Likewise, McLaren bypassed the Pauline letters by criticizing a conservative Christian spokesperson for putting the teachings of Paul on the same authoritative ground as the teachings of Jesus (in regard to the gay marriage debate) saying his “willingness to grant to grant Jesus no more authority than Paul renders me speechless” (Adventures in Missing the Point, 274). McLaren’s comment renders me speechless. No doubt Jesus has all authority in heaven and earth (Matthew 28:18), an authority that Paul did not have in himself, but when it comes to the authority of the Scriptures, as McLaren is talking about in relation to the gay marriage issue, Paul’s words are equally as authoritative as Christ’s and “given by inspiration of God” (2 Timothy 3:16).

The Bible does not teach that some Scriptures are more God-breathed or more authoritative or more inspired than other Scriptures. All scripture is given by inspiration of God! God breathed out the words that the apostles penned in their epistles. Peter esteemed Paul’s letters to the churches equivalent to the Old Testament Scriptures (2 Peter 3:15-16). Peter clearly believed Paul’s epistles to be the inspired Word of God. But “queermergent” theologians may be described as those “unlearned and unstable” men who distort the meaning and interpretation to suit their own interests or views.

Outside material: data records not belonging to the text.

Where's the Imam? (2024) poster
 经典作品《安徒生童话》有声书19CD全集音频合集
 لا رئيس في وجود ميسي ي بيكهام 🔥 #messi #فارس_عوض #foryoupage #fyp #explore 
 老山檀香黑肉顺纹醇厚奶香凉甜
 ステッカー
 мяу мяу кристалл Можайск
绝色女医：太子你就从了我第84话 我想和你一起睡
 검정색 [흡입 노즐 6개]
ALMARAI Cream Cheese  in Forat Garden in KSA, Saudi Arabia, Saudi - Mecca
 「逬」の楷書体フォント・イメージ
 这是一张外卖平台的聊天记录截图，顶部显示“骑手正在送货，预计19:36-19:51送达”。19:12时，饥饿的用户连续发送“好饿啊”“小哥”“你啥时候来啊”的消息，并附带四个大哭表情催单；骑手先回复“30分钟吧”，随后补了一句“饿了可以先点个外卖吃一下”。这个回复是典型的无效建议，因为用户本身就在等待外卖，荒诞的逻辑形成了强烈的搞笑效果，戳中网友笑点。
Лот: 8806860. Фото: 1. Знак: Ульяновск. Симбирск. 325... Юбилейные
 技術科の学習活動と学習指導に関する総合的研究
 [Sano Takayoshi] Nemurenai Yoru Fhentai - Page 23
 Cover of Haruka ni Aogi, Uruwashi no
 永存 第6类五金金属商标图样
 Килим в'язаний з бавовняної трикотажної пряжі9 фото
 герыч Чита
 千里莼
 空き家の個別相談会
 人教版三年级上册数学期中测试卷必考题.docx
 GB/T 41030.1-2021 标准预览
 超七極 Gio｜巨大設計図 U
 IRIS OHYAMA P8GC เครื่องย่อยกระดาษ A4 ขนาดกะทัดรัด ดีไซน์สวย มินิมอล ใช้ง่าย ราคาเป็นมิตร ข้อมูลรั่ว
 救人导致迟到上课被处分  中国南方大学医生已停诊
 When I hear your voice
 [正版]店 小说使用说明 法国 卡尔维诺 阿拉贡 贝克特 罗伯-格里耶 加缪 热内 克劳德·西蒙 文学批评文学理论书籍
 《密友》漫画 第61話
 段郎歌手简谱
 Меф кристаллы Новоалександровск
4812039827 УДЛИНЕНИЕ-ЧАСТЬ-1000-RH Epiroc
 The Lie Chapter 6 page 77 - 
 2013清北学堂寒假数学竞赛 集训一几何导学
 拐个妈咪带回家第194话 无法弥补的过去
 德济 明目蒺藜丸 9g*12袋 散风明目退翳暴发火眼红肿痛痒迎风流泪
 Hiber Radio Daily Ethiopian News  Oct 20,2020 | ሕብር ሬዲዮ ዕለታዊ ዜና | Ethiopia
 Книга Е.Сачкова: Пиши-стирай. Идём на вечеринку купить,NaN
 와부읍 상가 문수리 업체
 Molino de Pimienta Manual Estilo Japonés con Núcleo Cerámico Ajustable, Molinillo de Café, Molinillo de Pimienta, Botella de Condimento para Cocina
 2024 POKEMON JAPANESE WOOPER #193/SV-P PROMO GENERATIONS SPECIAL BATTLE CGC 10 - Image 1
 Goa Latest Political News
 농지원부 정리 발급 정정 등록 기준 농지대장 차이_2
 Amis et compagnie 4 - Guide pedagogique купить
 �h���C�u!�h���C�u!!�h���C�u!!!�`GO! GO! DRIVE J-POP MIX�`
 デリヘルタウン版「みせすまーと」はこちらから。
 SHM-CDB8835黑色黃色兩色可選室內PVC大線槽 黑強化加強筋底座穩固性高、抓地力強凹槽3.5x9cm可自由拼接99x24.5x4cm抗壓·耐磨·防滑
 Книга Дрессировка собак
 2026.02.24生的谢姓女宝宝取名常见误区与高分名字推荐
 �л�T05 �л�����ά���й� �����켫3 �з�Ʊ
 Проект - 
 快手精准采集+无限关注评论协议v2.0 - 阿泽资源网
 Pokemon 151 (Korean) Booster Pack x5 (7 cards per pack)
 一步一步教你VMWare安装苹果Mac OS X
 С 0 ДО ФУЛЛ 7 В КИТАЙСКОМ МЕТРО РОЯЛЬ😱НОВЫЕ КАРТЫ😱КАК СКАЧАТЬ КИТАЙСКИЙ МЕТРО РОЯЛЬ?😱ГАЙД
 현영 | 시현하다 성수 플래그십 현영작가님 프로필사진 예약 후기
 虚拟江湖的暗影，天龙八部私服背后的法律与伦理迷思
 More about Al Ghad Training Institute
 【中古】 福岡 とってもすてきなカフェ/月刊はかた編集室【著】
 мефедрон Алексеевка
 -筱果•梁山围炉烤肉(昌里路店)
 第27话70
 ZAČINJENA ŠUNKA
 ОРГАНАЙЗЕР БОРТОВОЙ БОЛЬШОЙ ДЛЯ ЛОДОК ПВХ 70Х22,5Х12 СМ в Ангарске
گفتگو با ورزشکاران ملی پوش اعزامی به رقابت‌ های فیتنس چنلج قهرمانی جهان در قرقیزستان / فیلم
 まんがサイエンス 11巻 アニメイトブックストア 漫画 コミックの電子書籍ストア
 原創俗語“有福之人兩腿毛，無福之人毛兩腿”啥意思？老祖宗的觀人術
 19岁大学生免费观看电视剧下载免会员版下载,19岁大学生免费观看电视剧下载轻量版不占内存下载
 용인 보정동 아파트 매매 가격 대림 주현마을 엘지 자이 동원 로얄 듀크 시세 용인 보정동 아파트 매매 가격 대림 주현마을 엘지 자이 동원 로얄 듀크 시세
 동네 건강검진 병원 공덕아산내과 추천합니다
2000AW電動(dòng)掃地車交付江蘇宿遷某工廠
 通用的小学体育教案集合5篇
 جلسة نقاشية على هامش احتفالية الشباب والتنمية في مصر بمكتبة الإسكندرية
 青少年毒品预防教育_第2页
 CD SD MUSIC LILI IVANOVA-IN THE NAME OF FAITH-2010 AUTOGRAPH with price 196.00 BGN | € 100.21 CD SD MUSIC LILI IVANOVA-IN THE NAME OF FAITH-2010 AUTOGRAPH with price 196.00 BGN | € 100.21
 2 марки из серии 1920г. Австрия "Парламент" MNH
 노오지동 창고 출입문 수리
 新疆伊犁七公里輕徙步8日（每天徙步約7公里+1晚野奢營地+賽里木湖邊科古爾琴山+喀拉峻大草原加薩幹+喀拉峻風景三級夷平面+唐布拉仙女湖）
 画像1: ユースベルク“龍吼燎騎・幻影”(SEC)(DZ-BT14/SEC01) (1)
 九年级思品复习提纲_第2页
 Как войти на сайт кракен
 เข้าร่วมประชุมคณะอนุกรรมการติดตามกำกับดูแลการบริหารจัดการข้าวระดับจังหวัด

While McLaren argues that the writings of Paul are not as authoritative as the words of Jesus, the New Testament conveys otherwise according to Jesus Himself. Since the apostles would be guided by the Holy Spirit (John 16:12-15), they were preaching, writing and teaching by the authority of Christ. Paul confirms saying, “If any man think himself to be a prophet, or spiritual, let him acknowledge that the things that I write unto you are the commandments of the Lord (1 Corinthians 14:37, emphasis added). Apparently, the Emergent church movement is not “spiritual.” Sadly, they are twisting the Scriptures to their own destruction (2 Peter 3:15-16). Moreover, the Lord spoke to Paul in a vision by night, “Be not afraid, but speak, and hold not thy peace: For I am with thee” (Acts 1:9,10). Paul did not receive the Gospel by any man, nor was he taught it, but by the revelation of Jesus Christ (Galatians 1:12).

One comment

  1. I hope that Rob Bell is telling his homosexual friend that in the Bible it is written that it’s a sin to have relations with the same sex and that they have to repent from thier sins and be born again by acknowledging that Jesus Christ is the only way in order for them to inherit the kingdom of God. The Bible is God breathed and his word never changes. If your not teaching that your are decieving them and leading them in the wrong path. In the last days their will be false prophets preaching heresy.